The surgery, which is called Ex Utero Intrapartum Treatment (EXIT), involves partial delivery, after which the baby is either returned to the womb or fully delivered.
In the case of baby Charlotte, the massive medical team inserted a breathing tube to ensure that she could maintain her supply of oxygen and then delivered her. She is now at the hospital, where her father Josh Barnard said that “she likes to be in her bassinet, or just hanging out by herself. So she’s Little Miss Independent. But she’s a calm baby, she’s content.” The medical team happily reported that “she is doing great, along with her mother.”
The plans for the operation leading up to Charlotte’s birth were so complex that the medical team ran multiple test runs to maximize their chance of saving the little girl’s life. “It’s important for all of us to be in the same room and do a few runs of this so that on the day that we’re actually during the procedure, it runs seamlessly and that’s exactly what happened,” Dr. Buckler said.
“We had multiple long meetings to ensure that everybody was in the right place, that we had the right equipment,” he continued. “It was a total team effort in terms of getting this procedure done. We did dry runs where we brought everybody into the O.R. and had a fake patient on the bed so that we could go through this step by step, so that we had every single angle covered that we possibly could think of that might go right or wrong on that day. Luckily, everything went exactly as we wanted and planned to have.”
Charlotte’s family has been overjoyed since the successful surgery, gathering last week to thank the team of nurses and doctors who oversaw her complicated birth. “I feel like we were honestly overly prepared, so I really wasn’t nervous that day,” Barnard said. “I feel like they cared for us like family.”

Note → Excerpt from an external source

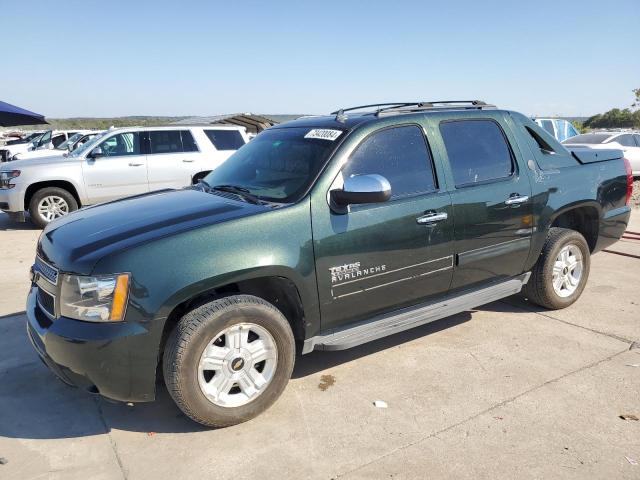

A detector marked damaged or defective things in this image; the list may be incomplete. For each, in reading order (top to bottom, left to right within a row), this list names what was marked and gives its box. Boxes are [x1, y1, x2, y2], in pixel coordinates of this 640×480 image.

cracked concrete [0, 211, 636, 480]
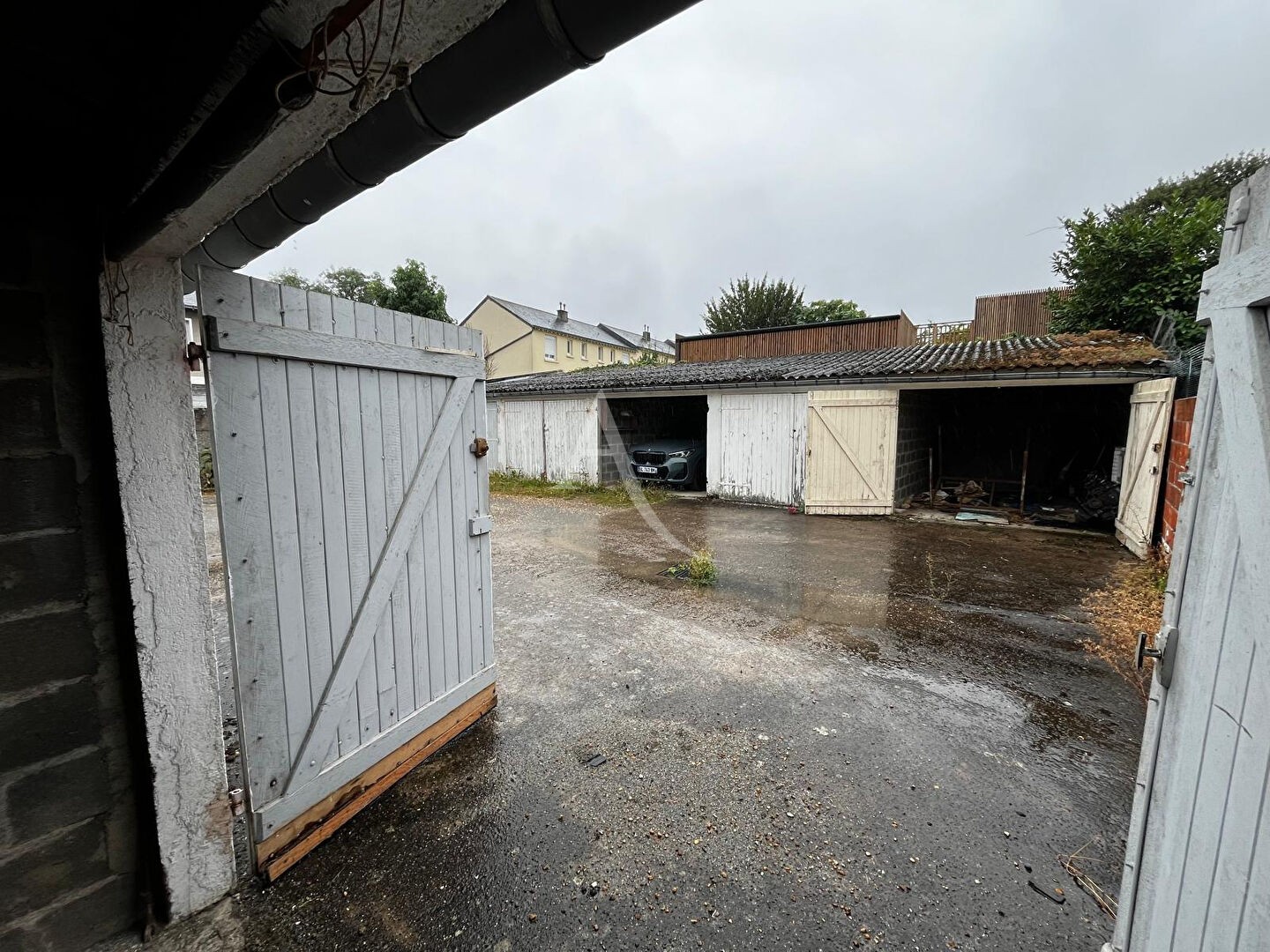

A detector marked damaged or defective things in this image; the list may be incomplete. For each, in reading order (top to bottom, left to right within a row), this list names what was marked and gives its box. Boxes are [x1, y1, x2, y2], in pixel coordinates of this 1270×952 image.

rusty hinge [1136, 621, 1178, 688]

Nancy Flanders of Live Action observed that Charlotte’s story is a case study of how the medical field should treat pre-born babies.
“Prenatal testing and diagnostic measures are often used to target babies with health conditions for abortion,” she wrote. “It has become so common for doctors to offer abortions to parents whose children receive a prenatal diagnosis or even a suspected diagnosis. Prenatal screening is a pro-life tool that should be used exactly as it was used for Charlotte — to prepare for a child’s birth and medical needs to best support them.”
The miraculous surgery on a child only partially born also draws attention to the brutality of permissive abortion regimes, where children Charlotte’s age can be and are killed for any reason or for no reason at all. Under Canadian law, Charlotte would not have been legally considered a human being while she was being operated on; the Canadian Criminal Code states that a child is not a human being until she has “completely proceeded, in a living state, from the body of its mother.” Thus, those only partially delivered—like Charlotte—can be legally killed as “nonhuman” children.